Proceedings of The Physiological Society

University of Cambridge (2004) J Physiol 555P, C26

Communications

Cardiovascular autonomic dysfunction in neonates with coarctation of the aorta (CoA)

J.W. Polson, N. McCallion, M.A. Tooley, G. Thorne, S. Kasparov, J.F.R. Paton and A.R. Wolf

Division of Cardiac, Anaesthetic and Radiological Sciences & * Department of Physiology, Bristol Heart Institute, University of Bristol, Bristol, UK


CoA is a common congenital malformation with variable narrowing of the proximal descending thoracic aorta. Surgical correction is the accepted medical treatment, and delayed repair is associated with abnormalities of arterial pressure (AP) homeostasis and early death. It was hoped that neonatal repair would prevent later cardiovascular complications, but recent data have indicated that despite an early and successful anatomic repair, 30 % of patients still subsequently develop hypertension (O'Sullivan et al. 2002). The aetiology is unclear, but may involve changes in cardiovascular autonomic regulation during the perinatal period. Two important indices of cardiovascular autonomic function are baroreceptor reflex sensitivity (BRS) and heart rate variability (HRV). Neither of these have been examined in the neonate with CoA. In order to understand the development of hypertension in patients with CoA, we have examined BRS and HRV in neonates at first presentation.

After local ethical committee approval and informed parental consent we recruited 6 neonates undergoing elective CoA repair and compared them with 10 healthy newborn infants. AP was measured non-invasively using photoplethysmography by means of adapting a Portapres (Finapres Medical Systems, Netherlands) for use in infants by placing the cuff around the infant's right wrist. Accuracy of the recording was confirmed initially by comparison with measurements made using an arterial line. ECG was recorded using a standard three lead configuration. AP and ECG waveforms were sampled at 1-5 kHz and recorded continuously for 20-30 min while infants were in active sleep. Spontaneous BRS was measured using a modification of the time sequence method of Oosting et al. (1997). HRV was examined using standard time domain measurements. Results are expressed as mean ± S.E.M. All infants were under 5 weeks of age.

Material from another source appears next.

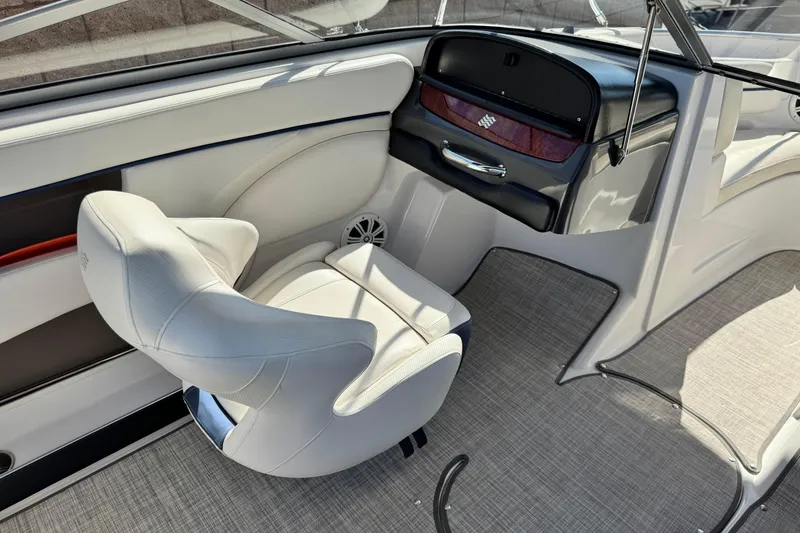 Slide: The Image of Interior of 2010 Four Winns H210 boat with white seating and sleek dashboard design. - 19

We found that there was good correlation between Portapres and arterial line measurements of AP (mean 53.2 ± 0.5 v 55.8 ± 0.2 mmHg, respectively), although pulse pressure was lower on Portapres measurements (30.2 ± 1.2 v 38.7 ± 2.7 mmHg). Systolic AP was higher in CoA than controls (79.5 ± 4.6 v 68.8 ± 2.4 mmHg). BRS was reduced by 37 % in CoA compared to controls (9.1 ± 1.9 v 14.4 ± 1.6 ms/mmHg, respectively), and HRV was similarly reduced: the range over which 95 % of R-R intervals fell was 89.9 ± 11.2 v 148.0 ± 9.1 ms, and the standard deviation of the R-R intervals was 22.5 ± 2.8 v 37.2 ± 2.5.

These data indicate that cardiovascular autonomic regulation is abnormal in infants with preoperative CoA.

We gratefully acknowledge the support of B. Braun Medical Ltd.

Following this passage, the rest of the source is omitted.